From the line that contains "Boho groen en" down to the last line of the listing below, reproduce each line exactly but not the pictures.

DATA EXCERPTS START

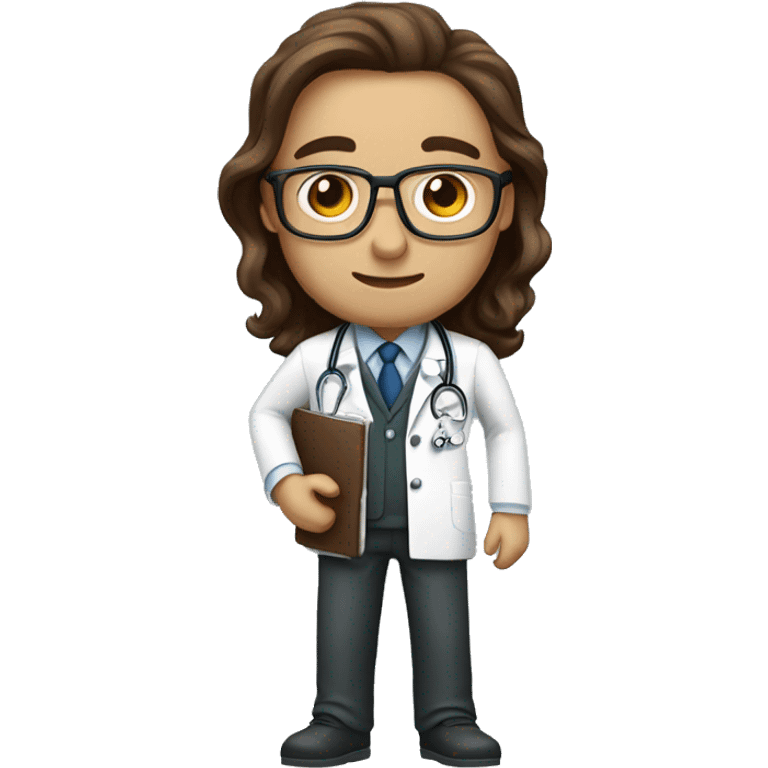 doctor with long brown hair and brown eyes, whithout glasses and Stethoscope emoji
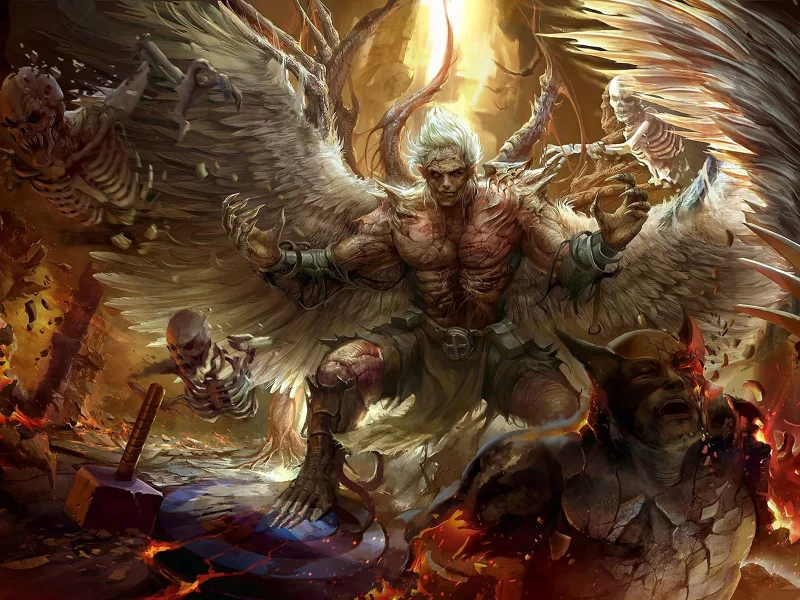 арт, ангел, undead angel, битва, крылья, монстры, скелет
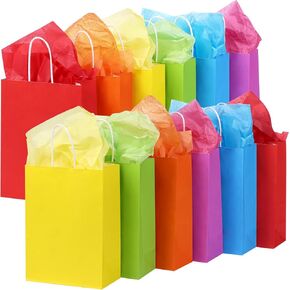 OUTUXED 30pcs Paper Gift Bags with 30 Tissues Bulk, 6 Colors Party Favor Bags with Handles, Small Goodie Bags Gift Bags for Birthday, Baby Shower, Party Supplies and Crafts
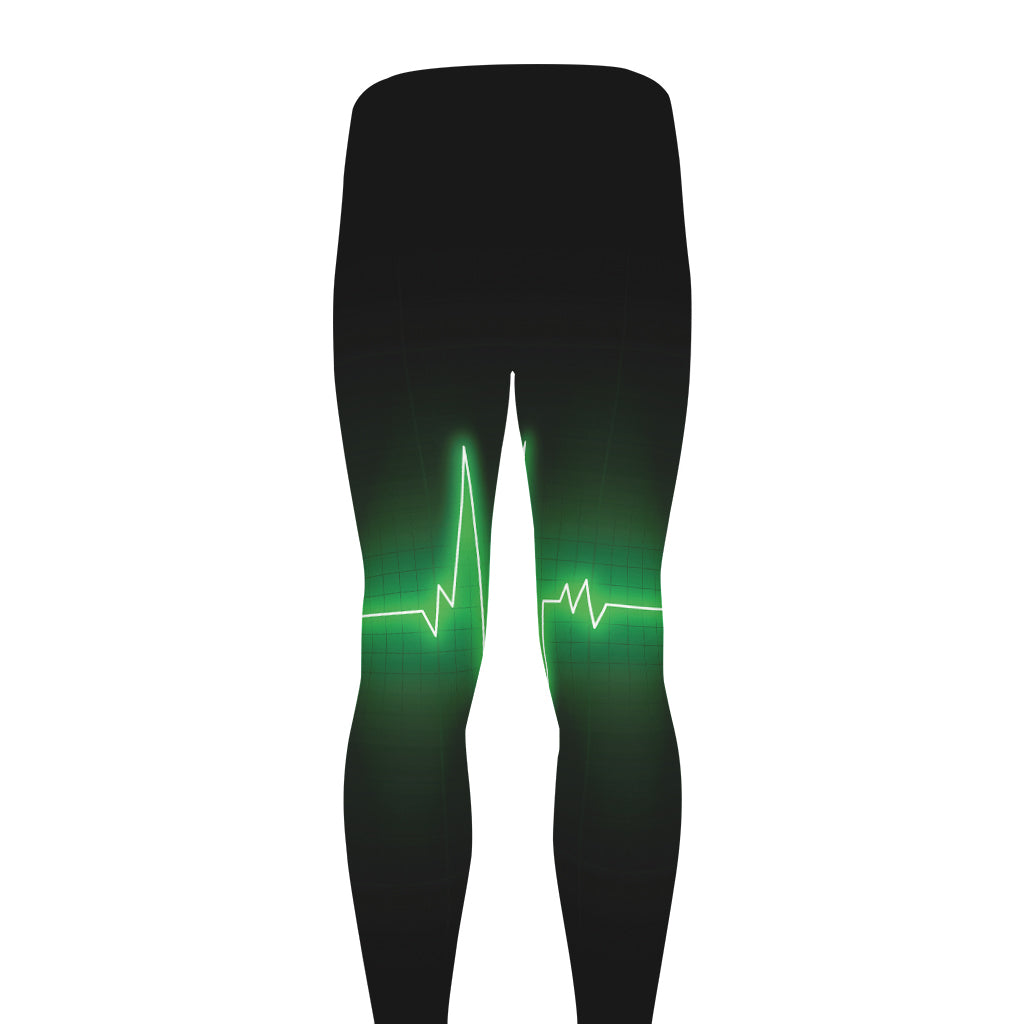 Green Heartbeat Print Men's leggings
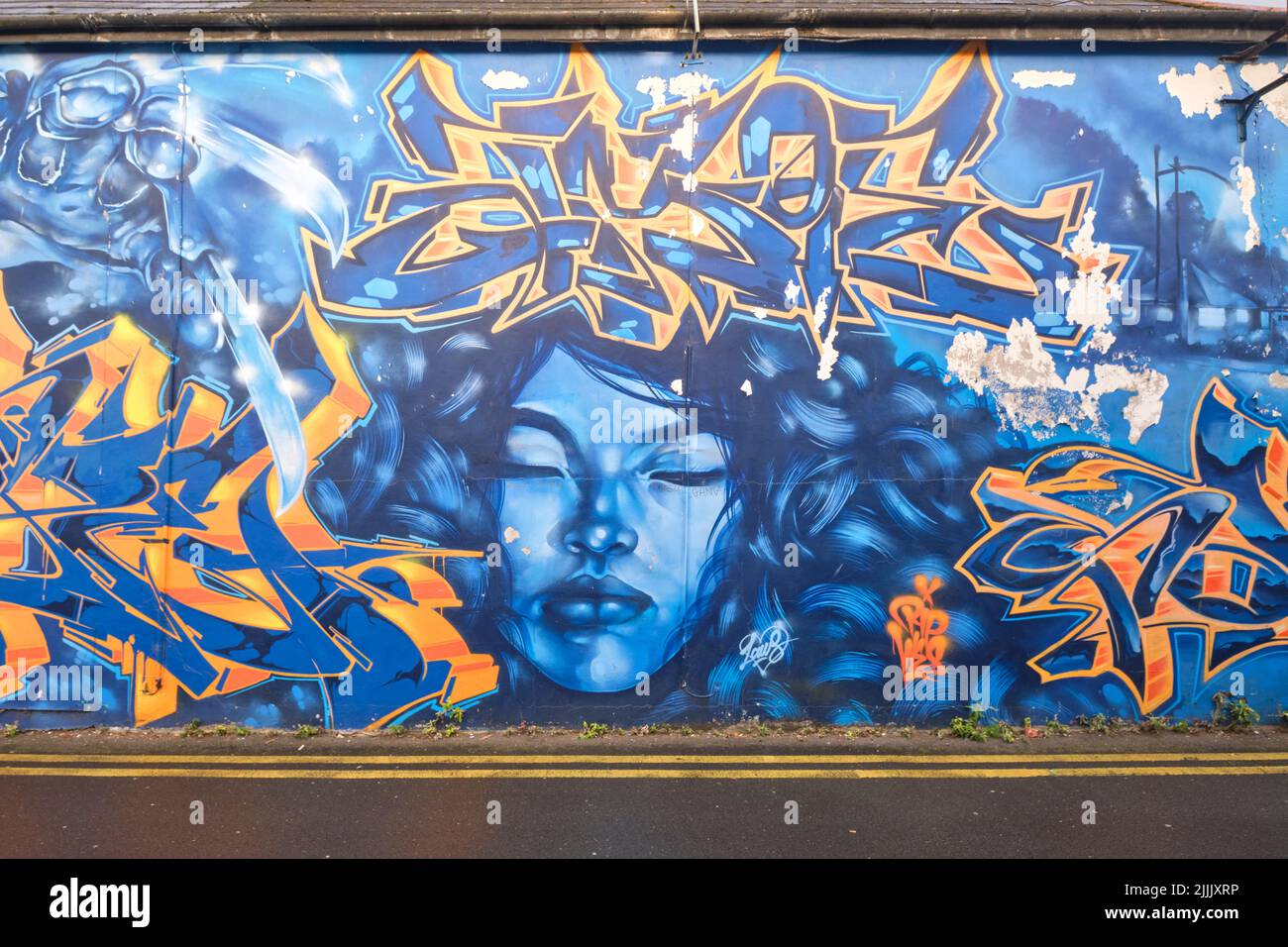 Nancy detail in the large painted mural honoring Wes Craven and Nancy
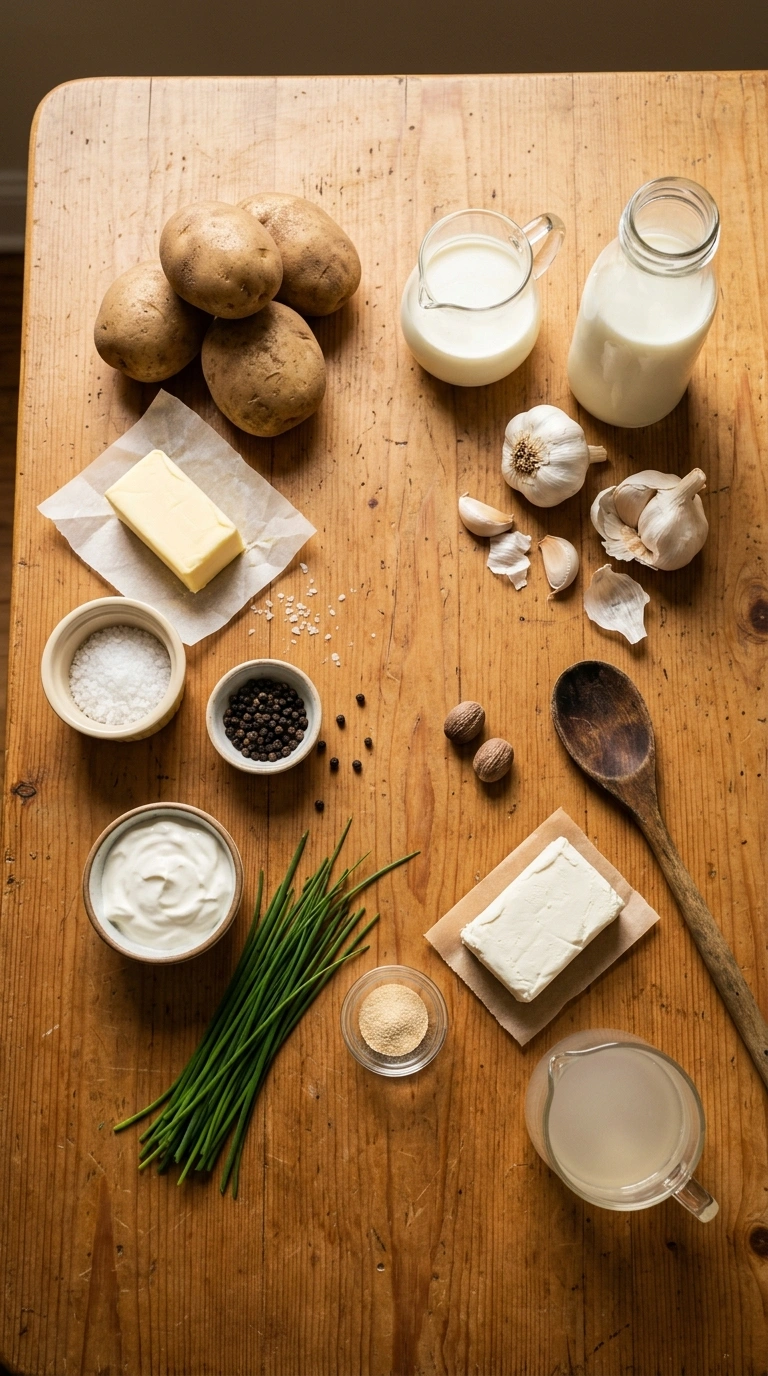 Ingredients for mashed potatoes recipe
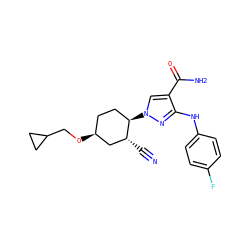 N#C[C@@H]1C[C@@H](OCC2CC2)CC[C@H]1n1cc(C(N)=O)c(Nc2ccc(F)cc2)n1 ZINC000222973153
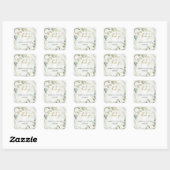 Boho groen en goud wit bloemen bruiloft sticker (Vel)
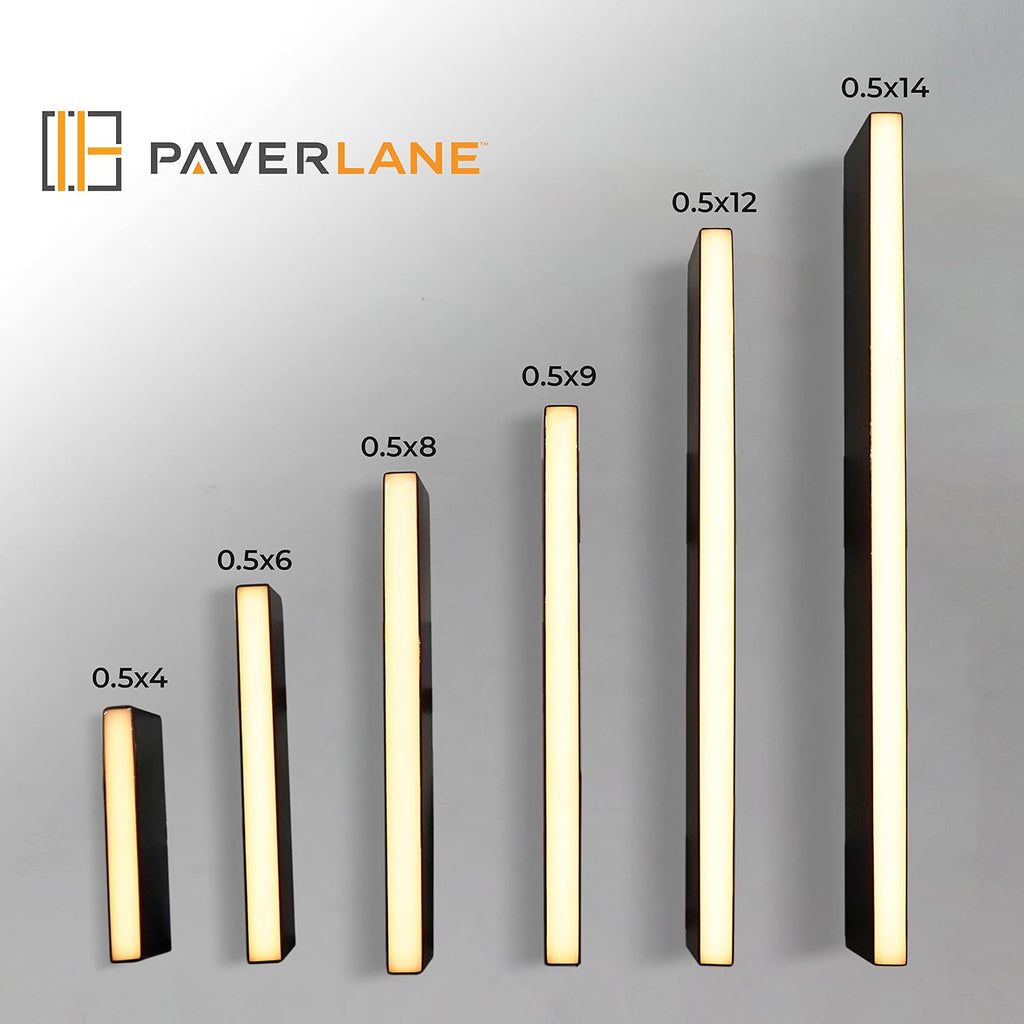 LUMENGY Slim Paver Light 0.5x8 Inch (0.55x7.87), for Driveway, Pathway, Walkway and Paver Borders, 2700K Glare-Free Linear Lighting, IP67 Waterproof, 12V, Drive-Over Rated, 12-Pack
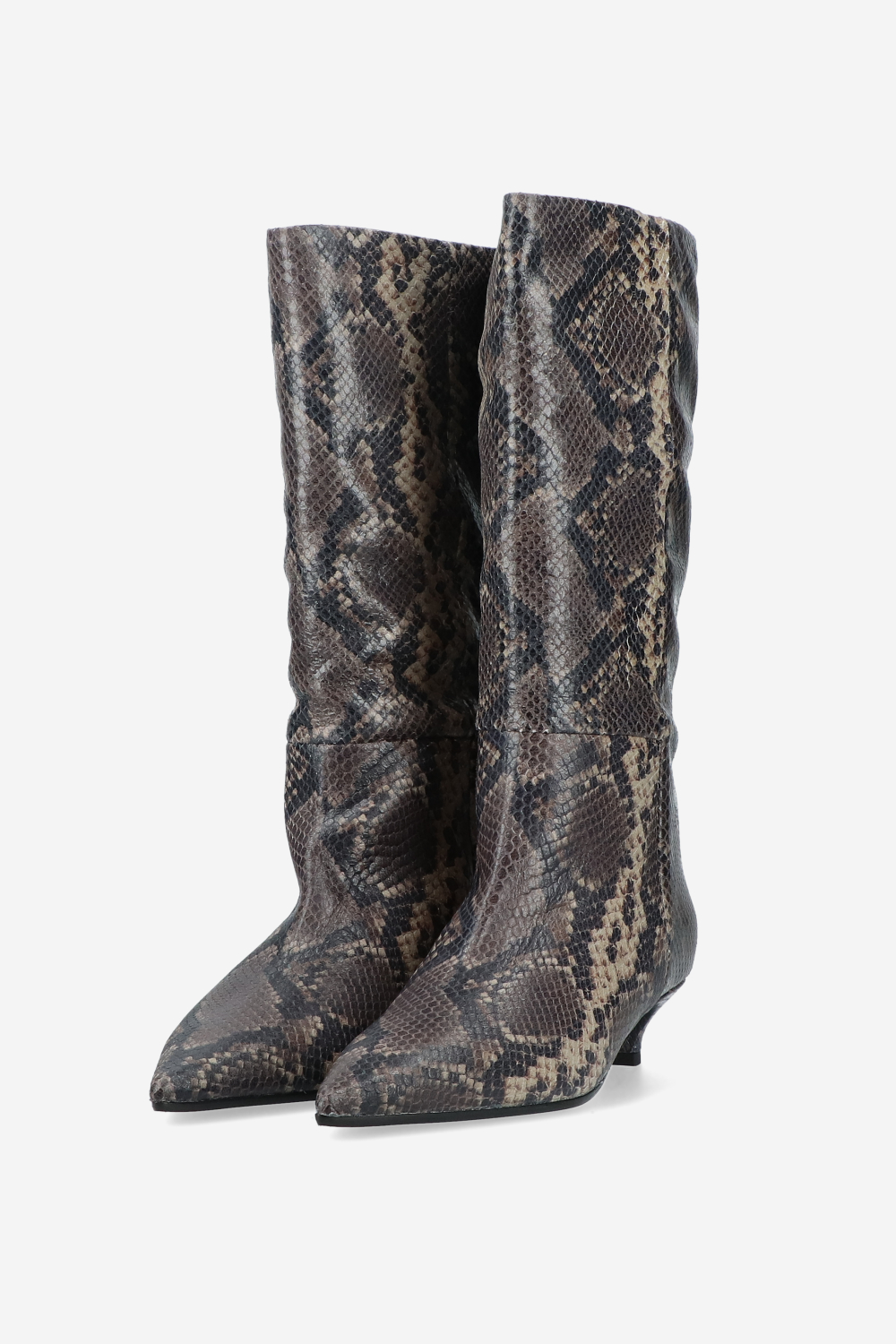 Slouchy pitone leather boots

DATA EXCERPTS END

§ **RESPONSE TO THIS TASK**
 Boho groen en goud wit bloemen bruiloft sticker (Vel)
 LUMENGY Slim Paver Light 0.5x8 Inch (0.55x7.87), for Driveway, Pathway, Walkway and Paver Borders, 2700K Glare-Free Linear Lighting, IP67 Waterproof, 12V, Drive-Over Rated, 12-Pack
 Slouchy pitone leather boots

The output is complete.